Mike: I went into a record shop one time in my hometown and saw -- this is in 1977 -- and saw a bunch of fanzines. That was punk rock, y’know? I think I saw “Sniffin’ Glue” and “The Next Big Thing,” which were two of the first fanzines, and I thought, “Oh, I could do that,” so I did.
Andy: Who was the person you were most glad to talk to?
Mike: (pauses) Richard Hell and the Clash on the same night, they were touring together. I met Patti Smith, sort of through the fanzines, but not for an interview or anything. She was the best.
Joe: She’s one of your heroes.
Mike: Heroines
Joe: Heroines, yeah.
Mike: Well, not really. I don’t think of her like that. I wouldn’t idolize her or put her on a pedestal. I think she was a great artist. I don’t know what she’s doing now, artistically. But she was great and she never got the recognition she deserved. She was really damn good. 
Joe: She’s a mother now, isn’t she? 
Mike: Yeah.
Joe: Maybe that’s her art now, rubbing off on her children.
Mike: I’m sure.
Joe: You could only hope.
Mike: I’m sure you’re right.

Joe: What about Van Morrison? You speak a lot of him. Is that the same type of thing? 
Mike: Well, I like him. He’s a musician. Like Patti Smith wasn’t really a musician, she was something else. Van is a great musician. When he was young, you know he used to sing in clubs and he grew up in musical families, so he’s got rhythm and blues and folk music in his blood. So when he performs and works, he’s drawing on all that. He’s really a great musician.
Joe: Maybe there’s more of a technical inspiration.
Mike: No, because not only is he a great musician, he’s a great singer, and he’s also a very inspired musician. He closes his eyes and lets something else speak through him.
Joe: Do you think you’re a good singer, a good musician?
Mike: I don’t think I’m a very good musician. I think I am a better singer than I am a musician.
Joe: The feeling is obviously there.
Mike: I’m getting better.
Joe: You can only get better?
Mike: No, you can get worse, too. You can slide.
Joe: If you’re not paying attention, but you seem to be paying attention.
Andy: You seem to have a lot of awareness. I mean, if you’re aware of the people around you, your surroundings, it’s a lot better than just doing your own personal thing.
Mike: Oh, you’re right.

Andy: What kind of role do you think the weather plays in your music?
Mike: Weather?
Joe: The elements, you seem to be consumed by the elements.
Mike: The weather’s really useful because if you want to set a scene in a song, you can describe what the weather’s like, and everybody knows about the weather. I can say that it’s raining or it’s a cloudy day or the sun is shining or the leaves are falling or whatever you want. Everybody knows day like that, so it usually gets into a song as a tool. It sets the scene. It draws people in.
Joe: You seem to have a fascination with [indigenous Americans]. How did you acquire that fascination?
Mike: I don’t really know, it just happened to me. It’s not like that. I’m not fascinated by them now, it’s something I went through. I was really mad keen on them for a while and just devoured books and everything that I could. Now it’s something that, something that I learned along the way. I’d still like to go to reservations and so on. I’m still interested, but it was a phase for me about four years ago. Maybe it’ll come alive again as a fascination. For about six months, I was living in the year 1860. You know, it was like that.
Joe: I saw Medicine Bow on a map [Also the name of a Waterboys song].
Mike: There really is a place named Medicine Bow?
Joe: Yes, there is!
Mike: I made that up, you see. Quite funny that it exists. In Canada?
Joe: It’s in the states. Do you have a map?
Mike: No.
Joe: It’s maybe in Montana or Nebraska.

Andy: How does the river become the sea? Does that have a parallel in your own life?
Mike: Lots of them. For example, I’m here in America touring, and my life as a musician is a lot more serious than it’s ever been before. I’ve got more responsibilities, I’ve got more problems. I’ve got more things to work out. There’s more money involved, be it record company money that’s put out to support the group or potential money that can be made.

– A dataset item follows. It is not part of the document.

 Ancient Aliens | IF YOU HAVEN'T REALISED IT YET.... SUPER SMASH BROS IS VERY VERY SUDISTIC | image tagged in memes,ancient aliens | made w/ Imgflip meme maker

There’s more people involved because there’s a bigger audience. There’s more people on the road with us. It’s a much more serious thing than say, it was last year when we were touring with U2. 

And I could say that, that tour, THAT was the river, but THIS is the sea, because that was just something that led to here. In two years time, when it’s a different situation again, I’ll look back on now and say THAT was the river, but THIS is the sea. It’s like, life always changes. It keeps getting different and the things that are solutions this year won’t necessarily be solutions next year, because one has to adjust to new situations. And that’s what the song is about, a person who is adjusting to new situations. And you try to make sense, but you know that you once had the key, and, of course, you can get the key again, you just have to assimilate to a new situation. The song can be applied to any situation where change happens.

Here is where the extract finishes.